Es frecuente para nosotros oír de labios generosos la deploración de esas desdichas y el
asombro ante nuestra incapacidad para resolverlas. El primer asunto es, pues, preguntarse si
de verdad la sociedad colombiana vive una situación excepcionalmente trágica, si es tan
distinta esta realidad de la del resto de los países, o al menos de los países del llamado
tercer mundo. Mi respuesta es que sí. Colombia es hoy el país con mayor índice de
criminalidad en el planeta, y la inseguridad va convirtiendo sus calles en tierra de nadie.
Tiene a la mitad de su población en condiciones de extrema pobreza, y presenta al mismo
tiempo en su clase dirigente unos niveles de opulencia difíciles de exagerar. Muestra uno de
los cuadros de ineficiencia estatal más inquietantes del continente, al lado de buenos índices
de crecimiento económico. Muestra fuertes niveles impositivos y altísimos niveles de
corrupción en la administración. Muestra unas condiciones asombrosas de impunidad y de
parálisis de la justicia y al mismo tiempo una elevada inversión en seguridad, así como
altísimos costos para la ciudadanía en el mantenimiento del aparato militar. Muestra las
más deplorables condiciones de desamparo para casi todos los ciudadanos, y sin embargo
es un país donde no se escuchan quejas, donde prácticamente no existen la protesta y la
movilización ciudadana: una suerte de dilatado desastre en cine mudo.

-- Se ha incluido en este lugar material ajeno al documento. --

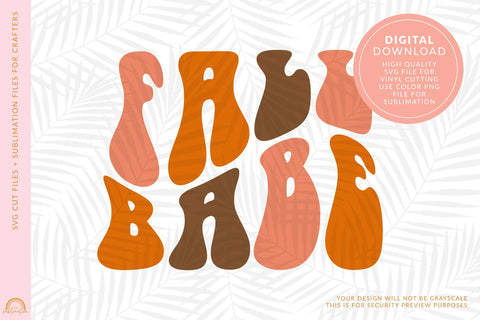 Fall SVG File for Autumn Fall Babes Design HM SVG Pixel Sublimation 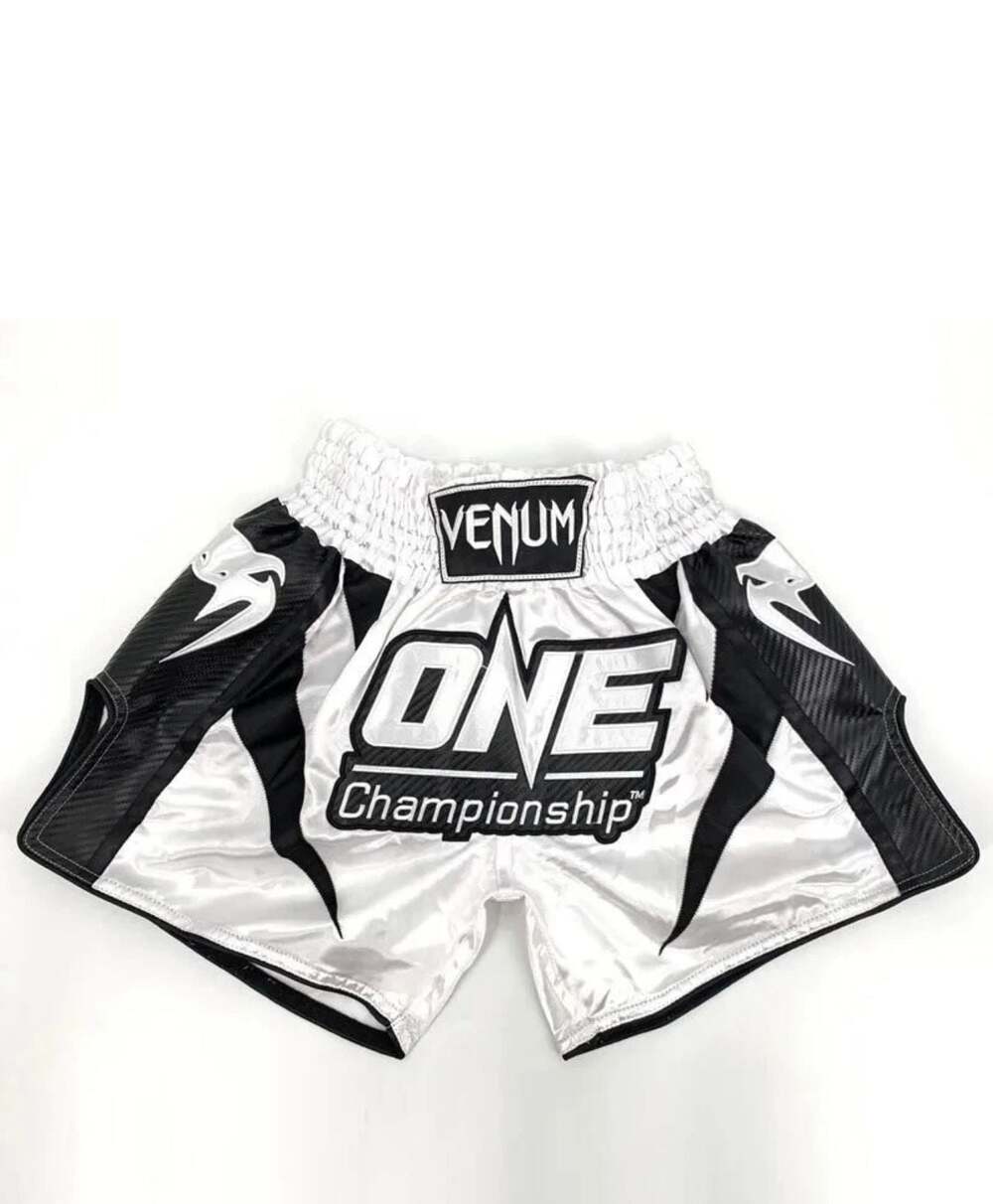 x ONE FC Muay Thai Shorts - White/Black - Venum Asia, HK
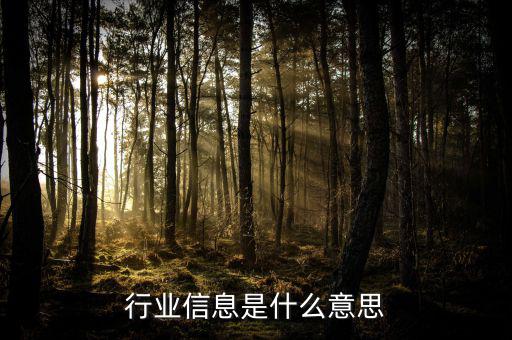 行業(yè)概況是什么意思，淘寶直通車(chē)什么是行業(yè)情況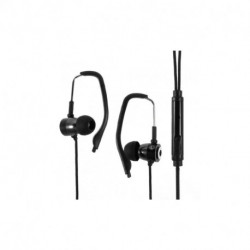 Amahousse Ecouteurs spécial Sport Noirs Jack 3.5mm Contours d'oreilles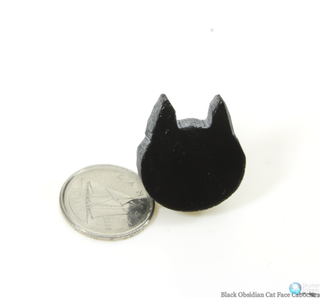 Black Obsidian Cat Cabochon - 3/4"    from Stonebridge Imports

Esto último es pasmoso. La visible pasividad de la sociedad colombiana alarma a los
visitantes. En las recientes huelgas que conmocionaron a Francia pudo verse cómo una
sociedad que vive relativamente bien en términos económicos y protegida por un Estado
responsable, sabe reaccionar en bloque ante todo lo que la lesione, no se deja pisotear en
sus derechos y se resiste a que se menoscaben los privilegios que ha conquistado. Ver a los
franceses marchando por las calles, armando barricadas ante un gobierno cuya legitimidad
no desconocen, y haciendo temblar a las instituciones, nos confirma que Francia es el país
de la Revolución, que ese país es respetable porque tiene orgullo y porque tiene dignidad,
porque sabe de lo que es capaz cuando sus gobernantes olvidan que son pagados por el
pueblo y que son apenas los representantes de su voluntad. Ante ese ejemplo se hace más
incomprensible que una sociedad como la colombiana (donde ni siquiera los sectores
fabulosamente ricos pueden sentirse satisfechos, pues el Estado que sostienen ya ni siquiera
les garantiza la vida, donde nadie está protegido, donde el Estado no cumple sus más
elementales deberes y donde todos los días ocurren cosas indignantes) sea tan incapaz de
expresarse, de exigir, de imponer cambios, de colaborar siquiera con su presión o con su
cólera a las transformaciones que todos necesitamos. ¿Qué es lo que hace que Colombia sea
un país capaz de soportar toda infamia, incapaz de reaccionar y de hacer sentir su presencia,
su grandeza?
Muchos aventuran la hipótesis de que esa aparente pobreza de espíritu y esa debilidad de
carácter se deben a las características biológicas y genéticas de la población: sería, pues, la
expresión de una fatalidad ineluctable. Otros sostienen lo mismo con respecto a los índices
de criminalidad: revelarían una incurable enfermedad, y harían de nosotros un pobre pueblo
sin salvación y sin remedio. Pero la verdad es que nuestros índices de violencia y nuestra
actual ineptitud política son hechos históricos susceptibles de explicación. Más aún, se diría
que las explicaciones son tan evidentes e incluso tan sencillas que se requiere estupidez o
malevolencia para aventurar dictámenes fatalistas. Ninguna persona sensata sostendría que
por el hecho de haber precipitado en cinco años la muerte de 50 millones de seres en
condiciones de crueldad y de sevicia escandalosas, la sociedad europea revele una patología
siniestra e incurable. Ninguna persona sensata sostendría que por el hecho de que la
sociedad estadounidense haya sacrificado medio millón de personas en tres años de guerra
para impedir su propia Secesión y haya alentado después la Secesión de Panamá para
hacerse al canal interoceánico más importante del mundo, de que haya participado en las
guerras de Nicaragua, haya arrojado bombas atómicas sobre ciudades japonesas, haya
invadido Vietnam, haya apoyado a los peores dictadores del Caribe y de Centroamérica, y
haya bombardeado a Bagdad, eso signifique que los norteamericanos padecen de alguna
monomanía agresiva irremediable. Los historiadores vendrán en nuestro auxilio para
explicarnos las precisas condiciones históricas que llevaron a aquellas sociedades y a sus
gobiernos a participar en esas realidades escabrosas.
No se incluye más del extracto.